3 receive scholarships in Jail-VCU program
Jeremy M. Lazarus | 3/10/2015, 9:49 a.m.
Three current and former inmates at the Richmond Justice Center have won the first scholarships awarded through the city jail’s unique college programs.
Christian Brackett, Pinetta Fleming and William “Billy” Scruggs were awarded scholarships for a class at Virginia Commonwealth University, which partners with the jail in a college-level program called Open Minds.
Mr. Brackett and Mr. Scruggs have been released; Ms. Fleming is completing her sentence. The trio also completed at least one college class at the jail.
The scholarship covers the cost of tuition, fees and books for one three-credit course at VCU after release, with the aim to encourage the winners to go on to earn a degree.
“Not only are we making history with these scholarships, but we are making futures,” said Sheriff C.T. Woody Jr. at a Feb. 25 ceremony. VCU Dean James Coleman joined in presenting the scholarships.
The scholarships are named for John Patrick Dooley, the late father of John David Dooley, who has taught and led the jail’s education programs for 36 years. Both are VCU alumni.

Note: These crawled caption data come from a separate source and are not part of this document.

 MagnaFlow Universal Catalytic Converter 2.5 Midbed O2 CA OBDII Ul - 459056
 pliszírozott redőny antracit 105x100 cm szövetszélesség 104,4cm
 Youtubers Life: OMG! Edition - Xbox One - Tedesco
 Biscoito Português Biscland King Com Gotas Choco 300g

Mr. Dooley, among other things, leads the jail’s adult basic education and GED programs. The GED program has enabled 2,200 inmates to earn their high school equivalency certificate since 1973.

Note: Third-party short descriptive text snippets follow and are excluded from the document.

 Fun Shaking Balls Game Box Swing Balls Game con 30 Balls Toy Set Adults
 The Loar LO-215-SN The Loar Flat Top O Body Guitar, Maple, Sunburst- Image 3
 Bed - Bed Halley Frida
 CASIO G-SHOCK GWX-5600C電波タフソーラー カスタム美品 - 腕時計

In recent years, Mr. Dooley, with the sheriff’s support, has added college courses through Open Minds and Virginia Union University’s Inside Out Program.
In each program, faculty teach a class inside the jail that includes students from their respective school as well as inmates.

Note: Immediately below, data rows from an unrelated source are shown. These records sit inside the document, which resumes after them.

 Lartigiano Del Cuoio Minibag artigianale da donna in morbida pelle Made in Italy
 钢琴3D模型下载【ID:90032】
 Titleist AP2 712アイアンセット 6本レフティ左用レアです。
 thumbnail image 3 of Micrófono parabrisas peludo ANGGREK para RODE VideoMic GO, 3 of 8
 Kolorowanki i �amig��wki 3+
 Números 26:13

Open Minds was started in 2011 with a VCU grant.
Mr. Dooley and Dr. David Coogan, an associate professor of English, co-administer Open Minds.
Dr. Coogan offered the first courses, but has now been joined by several other faculty members in the program.
This semester marks the 20th class to be offered through either the VCU or VUU program.
Each class includes about 10 to 15 college students and an equal number of inmates, according to Sarah H. Scarbrough, the jail’s internal program director.
The program, she said, is among ways the jail seeks to reduce the number of people who return to jail.